1. Field of the Invention
The present invention generally relates to data communication and, more particularly, to sampling data in communication receivers.
2. Related Art
In data communication, data transmitted from remote transmitting devices are often received and sampled by receivers. The remote transmitting devices may transmit data using clock sources that are not transmitted to the receivers. For the receivers to sample received data, the receivers may provide their own clocks that have nominally the same frequency as the frequency of the transmitting clocks on the remote transmitting devices.
In practice, clocks may be generated from crystals and oscillator circuits. Manufacturing tolerances of the crystals and oscillator circuits may cause small deviations in the frequency characteristics of the generated clocks from their nominal values. In addition, operating conditions such as fluctuations in voltage and temperature may induce further variance in the clock characteristics. As such, clock characteristics of receiver clocks and transmitting clocks may not be exactly identical. Consequently, received data and receiver clocks are not synchronous.
Because receiver clocks are not synchronous to the received data, their timing relationship may change over time. Nevertheless, it may be advantageous to be able to generate and adjust sampling points of the receiver clocks used to sample the received data such that the sampling points have a known relationship to the received data. For example, in high speed data receivers, maximum performance may be achieved when received data are sampled close to the midpoint between data transitions. Because the accuracy of sampling the received data is limited by the accuracy of the sampling points of the received clocks, the sampling points must be carefully controlled. Therefore, it is desirable to measure sample time errors and to adjust the receiver clocks to minimize the sample time errors. Once this sample time correction is performed, data recovery may be facilitated by selecting one or more clocks with sampling points close to the midpoint between data transitions to sample the received data.

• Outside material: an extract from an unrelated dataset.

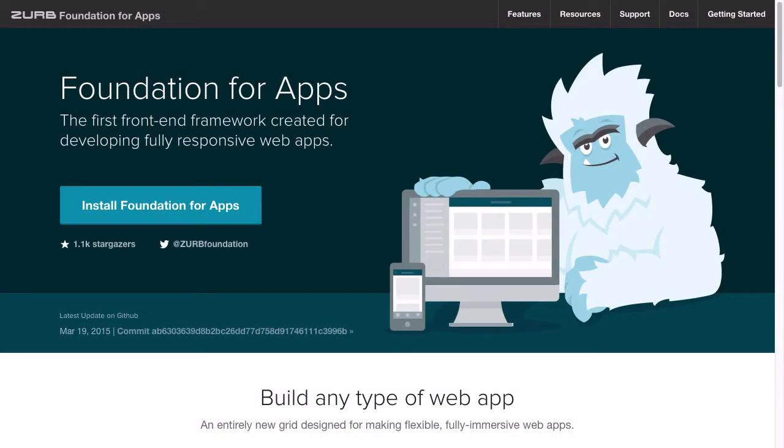This is Kez Bracey for Tuts+. Welcome to the first lesson of up and running with Foundation for Apps. To get you kicked off, we're going to start at the very beginning by making sure that you've got a pretty solid understanding of what Foundation for Apps actually is.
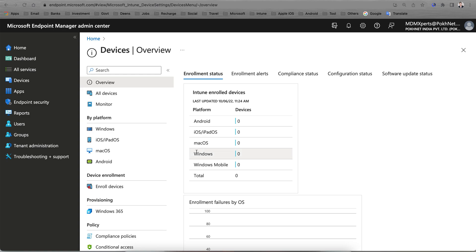This channel is about sharing news about Microsoft Endpoint Manager, previously called Intune. Most people get confused between the compliance policy and the configuration policy. As an Intune admin, if you do some wrong configuration and get confused between these two policies, the policies may conflict.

While it may be possible to measure directly the variance in data sampling time from the ideal time to obtain sample time errors, direct measurements of sample time errors are not economical for high speed data. Accordingly, there is a need for an improved approach that permits indirect measurements of sample time errors when sampling high speed data. The sample time errors may then be used to adjust sampling edges of receiver clocks to better track the data.